▸ **Problem requirements**:
The answer is every line in the data below that contains the word "Chevrolet".

▸ **Dataset items**:
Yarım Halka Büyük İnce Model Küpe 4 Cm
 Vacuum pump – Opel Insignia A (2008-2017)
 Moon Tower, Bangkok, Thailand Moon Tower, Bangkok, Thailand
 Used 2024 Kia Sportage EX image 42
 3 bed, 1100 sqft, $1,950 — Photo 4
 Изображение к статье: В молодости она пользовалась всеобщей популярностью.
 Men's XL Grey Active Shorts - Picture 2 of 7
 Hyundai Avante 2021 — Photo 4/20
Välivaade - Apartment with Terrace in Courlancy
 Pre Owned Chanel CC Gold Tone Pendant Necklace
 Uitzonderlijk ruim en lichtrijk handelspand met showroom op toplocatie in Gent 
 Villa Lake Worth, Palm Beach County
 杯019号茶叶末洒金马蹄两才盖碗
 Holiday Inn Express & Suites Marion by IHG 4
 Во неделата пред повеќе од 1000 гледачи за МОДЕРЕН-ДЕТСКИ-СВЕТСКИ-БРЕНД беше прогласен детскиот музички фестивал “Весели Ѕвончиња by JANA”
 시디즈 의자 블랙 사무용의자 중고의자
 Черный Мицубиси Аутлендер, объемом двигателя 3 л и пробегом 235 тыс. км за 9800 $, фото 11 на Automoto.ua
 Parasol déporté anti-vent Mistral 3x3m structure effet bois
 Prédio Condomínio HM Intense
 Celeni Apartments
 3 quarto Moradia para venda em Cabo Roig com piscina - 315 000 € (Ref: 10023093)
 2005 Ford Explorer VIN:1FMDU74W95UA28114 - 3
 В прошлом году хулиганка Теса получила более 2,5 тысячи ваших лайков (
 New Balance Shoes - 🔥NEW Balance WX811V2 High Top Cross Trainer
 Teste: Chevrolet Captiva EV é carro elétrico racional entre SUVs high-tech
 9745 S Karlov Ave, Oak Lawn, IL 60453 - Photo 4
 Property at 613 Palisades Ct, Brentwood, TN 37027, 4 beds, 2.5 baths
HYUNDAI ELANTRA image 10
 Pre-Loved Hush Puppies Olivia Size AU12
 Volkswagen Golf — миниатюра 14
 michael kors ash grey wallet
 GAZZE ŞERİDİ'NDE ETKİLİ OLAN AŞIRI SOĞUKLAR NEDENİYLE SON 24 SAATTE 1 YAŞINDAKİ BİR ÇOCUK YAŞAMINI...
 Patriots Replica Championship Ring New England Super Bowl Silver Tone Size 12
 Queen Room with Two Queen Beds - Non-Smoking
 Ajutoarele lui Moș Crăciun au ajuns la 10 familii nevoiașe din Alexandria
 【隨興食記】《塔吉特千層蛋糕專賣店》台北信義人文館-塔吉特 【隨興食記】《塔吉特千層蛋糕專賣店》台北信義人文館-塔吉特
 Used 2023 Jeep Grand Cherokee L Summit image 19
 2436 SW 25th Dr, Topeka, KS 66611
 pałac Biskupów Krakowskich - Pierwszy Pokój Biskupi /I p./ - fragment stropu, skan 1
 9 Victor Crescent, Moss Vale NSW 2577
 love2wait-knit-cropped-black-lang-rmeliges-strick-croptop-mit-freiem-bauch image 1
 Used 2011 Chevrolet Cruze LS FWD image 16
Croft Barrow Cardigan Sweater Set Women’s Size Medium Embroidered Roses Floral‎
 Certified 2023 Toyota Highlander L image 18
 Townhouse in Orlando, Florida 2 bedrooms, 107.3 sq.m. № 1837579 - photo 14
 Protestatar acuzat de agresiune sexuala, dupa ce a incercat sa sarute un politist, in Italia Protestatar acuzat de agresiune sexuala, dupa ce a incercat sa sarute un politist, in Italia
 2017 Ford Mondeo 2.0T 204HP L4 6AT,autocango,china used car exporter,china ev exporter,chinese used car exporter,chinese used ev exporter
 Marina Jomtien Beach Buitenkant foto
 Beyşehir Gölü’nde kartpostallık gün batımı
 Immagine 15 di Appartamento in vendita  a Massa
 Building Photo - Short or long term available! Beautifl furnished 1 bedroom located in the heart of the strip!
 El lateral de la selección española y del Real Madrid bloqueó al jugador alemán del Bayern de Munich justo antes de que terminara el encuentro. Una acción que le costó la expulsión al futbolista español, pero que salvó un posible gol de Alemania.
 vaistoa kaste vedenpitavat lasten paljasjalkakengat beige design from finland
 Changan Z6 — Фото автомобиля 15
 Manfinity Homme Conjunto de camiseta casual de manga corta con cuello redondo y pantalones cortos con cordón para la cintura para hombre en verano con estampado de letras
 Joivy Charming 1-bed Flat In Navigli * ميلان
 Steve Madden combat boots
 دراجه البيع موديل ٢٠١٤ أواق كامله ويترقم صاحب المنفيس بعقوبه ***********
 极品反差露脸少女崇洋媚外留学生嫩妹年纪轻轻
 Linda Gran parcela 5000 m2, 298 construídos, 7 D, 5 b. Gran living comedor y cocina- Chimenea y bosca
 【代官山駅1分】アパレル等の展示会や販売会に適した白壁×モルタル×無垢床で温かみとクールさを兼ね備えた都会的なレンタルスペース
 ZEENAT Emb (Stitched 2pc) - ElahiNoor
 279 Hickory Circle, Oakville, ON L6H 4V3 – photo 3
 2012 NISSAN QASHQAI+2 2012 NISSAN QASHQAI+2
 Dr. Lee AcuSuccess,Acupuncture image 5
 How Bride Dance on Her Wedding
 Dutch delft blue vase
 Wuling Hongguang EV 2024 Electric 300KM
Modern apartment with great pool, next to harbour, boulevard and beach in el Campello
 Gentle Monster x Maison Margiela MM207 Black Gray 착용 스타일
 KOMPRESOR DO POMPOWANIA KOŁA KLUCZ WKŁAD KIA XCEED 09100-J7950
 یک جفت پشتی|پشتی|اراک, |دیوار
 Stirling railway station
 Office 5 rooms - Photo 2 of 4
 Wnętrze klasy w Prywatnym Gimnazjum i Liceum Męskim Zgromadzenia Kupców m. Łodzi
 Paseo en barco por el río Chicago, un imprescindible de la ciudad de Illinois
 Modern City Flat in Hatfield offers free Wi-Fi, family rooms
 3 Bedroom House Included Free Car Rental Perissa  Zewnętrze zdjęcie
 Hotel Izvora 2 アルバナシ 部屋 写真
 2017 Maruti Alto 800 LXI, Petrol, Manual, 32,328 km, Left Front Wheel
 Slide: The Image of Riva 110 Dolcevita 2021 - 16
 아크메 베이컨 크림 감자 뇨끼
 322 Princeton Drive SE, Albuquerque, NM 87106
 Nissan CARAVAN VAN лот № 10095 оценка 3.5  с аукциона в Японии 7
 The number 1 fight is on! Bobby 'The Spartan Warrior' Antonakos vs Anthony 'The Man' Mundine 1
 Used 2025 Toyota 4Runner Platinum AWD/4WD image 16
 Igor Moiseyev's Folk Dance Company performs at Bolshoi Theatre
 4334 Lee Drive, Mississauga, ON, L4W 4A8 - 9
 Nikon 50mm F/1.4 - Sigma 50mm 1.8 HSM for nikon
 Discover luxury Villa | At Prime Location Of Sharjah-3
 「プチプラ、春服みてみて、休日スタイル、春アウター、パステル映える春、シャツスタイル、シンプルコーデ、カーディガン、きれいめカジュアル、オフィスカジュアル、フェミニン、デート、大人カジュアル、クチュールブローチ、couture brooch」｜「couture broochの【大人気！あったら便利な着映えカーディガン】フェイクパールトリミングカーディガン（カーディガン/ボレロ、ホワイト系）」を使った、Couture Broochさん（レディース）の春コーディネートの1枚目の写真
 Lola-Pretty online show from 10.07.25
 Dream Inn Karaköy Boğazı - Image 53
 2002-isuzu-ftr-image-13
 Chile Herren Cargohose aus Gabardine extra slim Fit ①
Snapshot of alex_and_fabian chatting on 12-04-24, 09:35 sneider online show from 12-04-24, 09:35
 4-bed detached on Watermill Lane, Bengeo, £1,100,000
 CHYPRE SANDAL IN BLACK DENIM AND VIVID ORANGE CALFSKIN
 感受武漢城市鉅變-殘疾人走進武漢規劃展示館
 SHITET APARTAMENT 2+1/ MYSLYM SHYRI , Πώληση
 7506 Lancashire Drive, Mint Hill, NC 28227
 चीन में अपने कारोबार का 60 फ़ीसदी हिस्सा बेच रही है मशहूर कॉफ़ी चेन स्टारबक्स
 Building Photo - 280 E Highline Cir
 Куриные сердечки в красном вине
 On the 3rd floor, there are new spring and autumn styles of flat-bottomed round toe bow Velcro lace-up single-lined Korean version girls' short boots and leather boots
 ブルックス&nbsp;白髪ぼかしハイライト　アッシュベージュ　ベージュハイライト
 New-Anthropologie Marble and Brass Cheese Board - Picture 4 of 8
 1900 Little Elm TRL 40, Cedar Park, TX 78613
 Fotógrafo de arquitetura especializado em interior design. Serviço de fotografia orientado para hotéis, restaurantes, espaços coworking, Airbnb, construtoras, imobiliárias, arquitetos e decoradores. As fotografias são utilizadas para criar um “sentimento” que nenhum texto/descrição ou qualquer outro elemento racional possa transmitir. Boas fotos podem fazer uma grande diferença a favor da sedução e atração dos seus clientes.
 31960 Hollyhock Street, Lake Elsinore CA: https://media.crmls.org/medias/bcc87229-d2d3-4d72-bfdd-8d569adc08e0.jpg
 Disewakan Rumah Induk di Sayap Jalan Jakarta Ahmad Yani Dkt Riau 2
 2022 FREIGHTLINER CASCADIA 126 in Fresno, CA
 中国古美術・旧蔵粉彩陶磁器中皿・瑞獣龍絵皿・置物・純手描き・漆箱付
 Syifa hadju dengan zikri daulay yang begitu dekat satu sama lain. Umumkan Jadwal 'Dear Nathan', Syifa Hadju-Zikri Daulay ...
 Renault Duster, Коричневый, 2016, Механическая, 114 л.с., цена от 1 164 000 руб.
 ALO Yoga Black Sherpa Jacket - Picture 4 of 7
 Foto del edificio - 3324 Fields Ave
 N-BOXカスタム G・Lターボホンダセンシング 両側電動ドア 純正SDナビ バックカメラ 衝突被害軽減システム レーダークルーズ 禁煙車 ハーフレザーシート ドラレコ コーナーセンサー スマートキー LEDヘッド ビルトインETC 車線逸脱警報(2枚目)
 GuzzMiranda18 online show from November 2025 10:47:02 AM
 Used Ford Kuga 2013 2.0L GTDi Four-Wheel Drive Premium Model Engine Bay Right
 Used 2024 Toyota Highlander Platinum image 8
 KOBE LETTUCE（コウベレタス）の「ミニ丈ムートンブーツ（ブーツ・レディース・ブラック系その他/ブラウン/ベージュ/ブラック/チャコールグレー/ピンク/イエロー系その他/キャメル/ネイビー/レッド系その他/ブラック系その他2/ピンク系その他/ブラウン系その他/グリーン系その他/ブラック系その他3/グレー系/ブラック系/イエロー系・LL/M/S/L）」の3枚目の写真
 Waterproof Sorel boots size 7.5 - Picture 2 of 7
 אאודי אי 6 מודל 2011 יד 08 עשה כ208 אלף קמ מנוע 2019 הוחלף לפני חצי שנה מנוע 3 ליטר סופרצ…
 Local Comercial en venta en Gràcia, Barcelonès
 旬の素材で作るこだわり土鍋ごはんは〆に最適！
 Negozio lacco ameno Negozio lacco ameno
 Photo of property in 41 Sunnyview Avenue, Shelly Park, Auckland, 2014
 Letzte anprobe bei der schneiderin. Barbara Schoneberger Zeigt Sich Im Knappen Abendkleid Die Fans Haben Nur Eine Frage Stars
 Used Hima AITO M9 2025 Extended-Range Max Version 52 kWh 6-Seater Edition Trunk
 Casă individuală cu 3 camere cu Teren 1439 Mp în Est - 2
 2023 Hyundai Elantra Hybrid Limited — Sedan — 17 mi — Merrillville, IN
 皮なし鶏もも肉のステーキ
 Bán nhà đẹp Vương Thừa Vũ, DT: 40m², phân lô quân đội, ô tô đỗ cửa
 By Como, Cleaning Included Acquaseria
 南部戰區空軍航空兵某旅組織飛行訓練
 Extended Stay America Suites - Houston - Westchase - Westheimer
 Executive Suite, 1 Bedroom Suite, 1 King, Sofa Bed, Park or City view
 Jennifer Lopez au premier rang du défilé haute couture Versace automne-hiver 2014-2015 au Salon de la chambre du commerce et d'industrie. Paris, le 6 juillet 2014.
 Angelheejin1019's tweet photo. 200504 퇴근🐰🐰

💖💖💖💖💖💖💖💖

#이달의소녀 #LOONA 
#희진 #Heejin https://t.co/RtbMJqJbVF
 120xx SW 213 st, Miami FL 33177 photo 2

▸ **Finished task**:
 Teste: Chevrolet Captiva EV é carro elétrico racional entre SUVs high-tech
 Used 2011 Chevrolet Cruze LS FWD image 16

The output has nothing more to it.